MATERIAL SUPPLIED:
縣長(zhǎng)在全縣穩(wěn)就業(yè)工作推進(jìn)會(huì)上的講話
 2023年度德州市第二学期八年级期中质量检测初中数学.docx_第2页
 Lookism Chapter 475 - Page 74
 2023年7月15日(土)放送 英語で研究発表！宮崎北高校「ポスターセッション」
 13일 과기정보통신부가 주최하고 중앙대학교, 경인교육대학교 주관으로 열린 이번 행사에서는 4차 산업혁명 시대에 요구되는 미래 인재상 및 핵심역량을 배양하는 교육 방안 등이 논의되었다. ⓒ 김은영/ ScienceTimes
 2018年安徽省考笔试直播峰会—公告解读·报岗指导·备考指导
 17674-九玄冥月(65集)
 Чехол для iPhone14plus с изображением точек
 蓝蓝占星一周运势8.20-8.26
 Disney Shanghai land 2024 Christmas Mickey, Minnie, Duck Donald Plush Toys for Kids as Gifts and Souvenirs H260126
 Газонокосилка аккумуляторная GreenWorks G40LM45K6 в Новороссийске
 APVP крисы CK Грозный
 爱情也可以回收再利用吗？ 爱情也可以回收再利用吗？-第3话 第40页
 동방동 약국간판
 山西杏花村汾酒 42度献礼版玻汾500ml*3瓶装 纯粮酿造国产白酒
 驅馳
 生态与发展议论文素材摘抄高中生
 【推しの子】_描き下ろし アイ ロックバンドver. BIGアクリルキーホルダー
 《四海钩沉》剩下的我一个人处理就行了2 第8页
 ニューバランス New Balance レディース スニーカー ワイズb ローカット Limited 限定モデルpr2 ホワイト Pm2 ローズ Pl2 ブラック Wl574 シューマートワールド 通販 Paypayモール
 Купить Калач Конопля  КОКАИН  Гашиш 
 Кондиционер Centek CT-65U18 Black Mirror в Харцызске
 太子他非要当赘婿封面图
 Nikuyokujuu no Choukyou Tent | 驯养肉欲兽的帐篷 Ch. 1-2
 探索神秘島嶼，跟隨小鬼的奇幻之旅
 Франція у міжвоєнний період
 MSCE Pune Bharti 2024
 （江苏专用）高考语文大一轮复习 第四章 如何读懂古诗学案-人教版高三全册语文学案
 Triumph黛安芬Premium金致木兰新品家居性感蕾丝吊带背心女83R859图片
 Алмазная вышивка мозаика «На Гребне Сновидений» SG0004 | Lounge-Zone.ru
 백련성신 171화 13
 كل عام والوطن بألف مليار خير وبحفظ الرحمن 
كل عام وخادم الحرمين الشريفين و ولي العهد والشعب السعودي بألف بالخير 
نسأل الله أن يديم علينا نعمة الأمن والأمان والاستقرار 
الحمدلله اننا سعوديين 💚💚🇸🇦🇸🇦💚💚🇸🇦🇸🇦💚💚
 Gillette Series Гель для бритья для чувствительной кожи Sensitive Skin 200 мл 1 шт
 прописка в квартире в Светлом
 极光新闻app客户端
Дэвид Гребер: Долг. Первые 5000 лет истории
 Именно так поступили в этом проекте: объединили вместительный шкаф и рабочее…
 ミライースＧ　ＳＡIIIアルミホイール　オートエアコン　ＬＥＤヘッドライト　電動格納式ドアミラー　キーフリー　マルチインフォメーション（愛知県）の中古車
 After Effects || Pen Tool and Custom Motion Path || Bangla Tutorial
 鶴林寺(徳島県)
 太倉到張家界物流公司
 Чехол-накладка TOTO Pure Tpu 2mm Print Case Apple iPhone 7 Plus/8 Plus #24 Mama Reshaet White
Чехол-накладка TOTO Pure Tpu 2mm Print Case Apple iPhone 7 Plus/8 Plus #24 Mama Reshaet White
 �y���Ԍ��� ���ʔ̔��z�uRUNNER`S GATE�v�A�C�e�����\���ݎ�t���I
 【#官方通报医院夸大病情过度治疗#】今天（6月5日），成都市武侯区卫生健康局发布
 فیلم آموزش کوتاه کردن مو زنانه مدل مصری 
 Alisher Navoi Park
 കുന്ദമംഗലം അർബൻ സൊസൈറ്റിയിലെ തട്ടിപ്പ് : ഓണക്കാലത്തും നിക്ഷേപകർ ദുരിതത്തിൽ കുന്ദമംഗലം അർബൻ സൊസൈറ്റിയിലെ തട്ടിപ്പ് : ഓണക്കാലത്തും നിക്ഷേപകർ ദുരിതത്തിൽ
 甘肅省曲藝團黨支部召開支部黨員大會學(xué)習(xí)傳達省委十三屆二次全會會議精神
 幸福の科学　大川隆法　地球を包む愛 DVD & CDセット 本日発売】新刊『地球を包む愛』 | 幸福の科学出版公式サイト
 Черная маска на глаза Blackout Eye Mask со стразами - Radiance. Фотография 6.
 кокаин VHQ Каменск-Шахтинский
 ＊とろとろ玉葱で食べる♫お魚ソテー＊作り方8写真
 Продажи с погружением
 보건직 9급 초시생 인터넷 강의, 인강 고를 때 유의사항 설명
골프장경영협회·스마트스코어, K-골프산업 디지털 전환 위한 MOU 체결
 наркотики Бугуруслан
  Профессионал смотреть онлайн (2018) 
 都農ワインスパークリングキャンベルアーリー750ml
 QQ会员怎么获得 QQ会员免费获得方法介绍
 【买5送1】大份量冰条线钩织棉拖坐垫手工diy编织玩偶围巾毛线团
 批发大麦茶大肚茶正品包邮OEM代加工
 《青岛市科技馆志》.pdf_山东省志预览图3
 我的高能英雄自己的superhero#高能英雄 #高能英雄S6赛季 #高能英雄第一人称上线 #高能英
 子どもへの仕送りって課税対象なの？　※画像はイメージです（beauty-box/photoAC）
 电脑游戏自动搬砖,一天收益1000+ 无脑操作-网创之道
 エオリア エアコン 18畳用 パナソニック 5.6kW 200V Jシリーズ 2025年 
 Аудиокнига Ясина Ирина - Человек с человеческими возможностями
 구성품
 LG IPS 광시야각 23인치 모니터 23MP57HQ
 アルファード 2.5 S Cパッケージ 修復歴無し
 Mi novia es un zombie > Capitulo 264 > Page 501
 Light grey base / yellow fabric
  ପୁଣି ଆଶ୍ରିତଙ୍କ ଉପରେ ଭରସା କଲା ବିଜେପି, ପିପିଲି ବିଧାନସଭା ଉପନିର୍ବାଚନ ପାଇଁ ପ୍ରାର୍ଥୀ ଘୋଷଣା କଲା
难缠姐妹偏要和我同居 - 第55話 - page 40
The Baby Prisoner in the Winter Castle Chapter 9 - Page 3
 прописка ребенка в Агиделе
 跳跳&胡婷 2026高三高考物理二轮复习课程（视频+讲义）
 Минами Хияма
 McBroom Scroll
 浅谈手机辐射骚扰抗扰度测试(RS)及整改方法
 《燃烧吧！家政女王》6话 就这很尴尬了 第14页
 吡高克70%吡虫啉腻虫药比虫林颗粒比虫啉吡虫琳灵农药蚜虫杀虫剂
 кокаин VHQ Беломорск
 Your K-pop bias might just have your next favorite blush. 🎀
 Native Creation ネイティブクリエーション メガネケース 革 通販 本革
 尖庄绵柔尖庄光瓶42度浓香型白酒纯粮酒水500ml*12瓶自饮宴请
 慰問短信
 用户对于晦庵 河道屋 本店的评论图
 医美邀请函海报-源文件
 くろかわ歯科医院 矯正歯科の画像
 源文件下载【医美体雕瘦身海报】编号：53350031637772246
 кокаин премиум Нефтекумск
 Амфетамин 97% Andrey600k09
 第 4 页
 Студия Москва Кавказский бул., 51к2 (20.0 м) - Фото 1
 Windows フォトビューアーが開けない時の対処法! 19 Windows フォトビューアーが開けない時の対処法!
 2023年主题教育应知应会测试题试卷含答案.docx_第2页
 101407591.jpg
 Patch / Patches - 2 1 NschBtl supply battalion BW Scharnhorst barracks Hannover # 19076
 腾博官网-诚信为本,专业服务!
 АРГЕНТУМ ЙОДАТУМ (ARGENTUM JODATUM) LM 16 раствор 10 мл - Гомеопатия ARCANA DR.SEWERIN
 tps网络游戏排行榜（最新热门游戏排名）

TASK TO COMPLETE: In the entries above, find the line holding "山西杏花村汾酒 42度献礼版玻汾500ml*3瓶装 纯粮酿造国产白酒" and the line holding "Дэвид Гребер: Долг. Первые 5000 лет истории"; print both of them and every line between, exactly, and nothing else.

RESPONSE TO THE EXERCISE:
 山西杏花村汾酒 42度献礼版玻汾500ml*3瓶装 纯粮酿造国产白酒
 驅馳
 生态与发展议论文素材摘抄高中生
 【推しの子】_描き下ろし アイ ロックバンドver. BIGアクリルキーホルダー
 《四海钩沉》剩下的我一个人处理就行了2 第8页
 ニューバランス New Balance レディース スニーカー ワイズb ローカット Limited 限定モデルpr2 ホワイト Pm2 ローズ Pl2 ブラック Wl574 シューマートワールド 通販 Paypayモール
 Купить Калач Конопля  КОКАИН  Гашиш 
 Кондиционер Centek CT-65U18 Black Mirror в Харцызске
 太子他非要当赘婿封面图
 Nikuyokujuu no Choukyou Tent | 驯养肉欲兽的帐篷 Ch. 1-2
 探索神秘島嶼，跟隨小鬼的奇幻之旅
 Франція у міжвоєнний період
 MSCE Pune Bharti 2024
 （江苏专用）高考语文大一轮复习 第四章 如何读懂古诗学案-人教版高三全册语文学案
 Triumph黛安芬Premium金致木兰新品家居性感蕾丝吊带背心女83R859图片
 Алмазная вышивка мозаика «На Гребне Сновидений» SG0004 | Lounge-Zone.ru
 백련성신 171화 13
 كل عام والوطن بألف مليار خير وبحفظ الرحمن 
كل عام وخادم الحرمين الشريفين و ولي العهد والشعب السعودي بألف بالخير 
نسأل الله أن يديم علينا نعمة الأمن والأمان والاستقرار 
الحمدلله اننا سعوديين 💚💚🇸🇦🇸🇦💚💚🇸🇦🇸🇦💚💚
 Gillette Series Гель для бритья для чувствительной кожи Sensitive Skin 200 мл 1 шт
 прописка в квартире в Светлом
 极光新闻app客户端
Дэвид Гребер: Долг. Первые 5000 лет истории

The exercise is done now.